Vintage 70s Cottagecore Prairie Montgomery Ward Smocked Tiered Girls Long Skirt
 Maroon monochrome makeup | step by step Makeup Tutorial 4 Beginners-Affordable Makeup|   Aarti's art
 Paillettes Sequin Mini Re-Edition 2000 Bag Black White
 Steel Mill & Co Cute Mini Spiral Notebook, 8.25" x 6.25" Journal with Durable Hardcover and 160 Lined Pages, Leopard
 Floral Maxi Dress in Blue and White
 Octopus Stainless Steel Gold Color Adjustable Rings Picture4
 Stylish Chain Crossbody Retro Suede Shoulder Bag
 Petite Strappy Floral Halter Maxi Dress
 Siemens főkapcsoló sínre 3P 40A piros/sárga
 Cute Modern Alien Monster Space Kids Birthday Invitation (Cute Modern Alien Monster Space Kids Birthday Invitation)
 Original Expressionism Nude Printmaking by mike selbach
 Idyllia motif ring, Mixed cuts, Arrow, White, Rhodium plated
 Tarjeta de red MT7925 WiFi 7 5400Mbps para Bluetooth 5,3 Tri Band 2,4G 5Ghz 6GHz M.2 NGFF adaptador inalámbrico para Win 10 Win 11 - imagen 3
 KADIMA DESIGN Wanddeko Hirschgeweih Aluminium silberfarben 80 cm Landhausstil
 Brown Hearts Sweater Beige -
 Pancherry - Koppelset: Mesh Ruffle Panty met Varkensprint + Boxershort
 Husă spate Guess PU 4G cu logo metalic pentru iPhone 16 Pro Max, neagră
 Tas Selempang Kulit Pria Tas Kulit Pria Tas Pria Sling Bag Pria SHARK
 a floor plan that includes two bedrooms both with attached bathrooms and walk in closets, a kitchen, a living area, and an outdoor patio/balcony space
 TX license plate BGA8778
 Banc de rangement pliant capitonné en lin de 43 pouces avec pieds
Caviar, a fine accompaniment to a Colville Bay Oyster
------------------------------------------------------------
Exercise goal = Copy out, exactly as given, the line containing "Original Expressionism Nude" together with every line after it in the material.

Answer section =
 Original Expressionism Nude Printmaking by mike selbach
 Idyllia motif ring, Mixed cuts, Arrow, White, Rhodium plated
 Tarjeta de red MT7925 WiFi 7 5400Mbps para Bluetooth 5,3 Tri Band 2,4G 5Ghz 6GHz M.2 NGFF adaptador inalámbrico para Win 10 Win 11 - imagen 3
 KADIMA DESIGN Wanddeko Hirschgeweih Aluminium silberfarben 80 cm Landhausstil
 Brown Hearts Sweater Beige -
 Pancherry - Koppelset: Mesh Ruffle Panty met Varkensprint + Boxershort
 Husă spate Guess PU 4G cu logo metalic pentru iPhone 16 Pro Max, neagră
 Tas Selempang Kulit Pria Tas Kulit Pria Tas Pria Sling Bag Pria SHARK
 a floor plan that includes two bedrooms both with attached bathrooms and walk in closets, a kitchen, a living area, and an outdoor patio/balcony space
 TX license plate BGA8778
 Banc de rangement pliant capitonné en lin de 43 pouces avec pieds
Caviar, a fine accompaniment to a Colville Bay Oyster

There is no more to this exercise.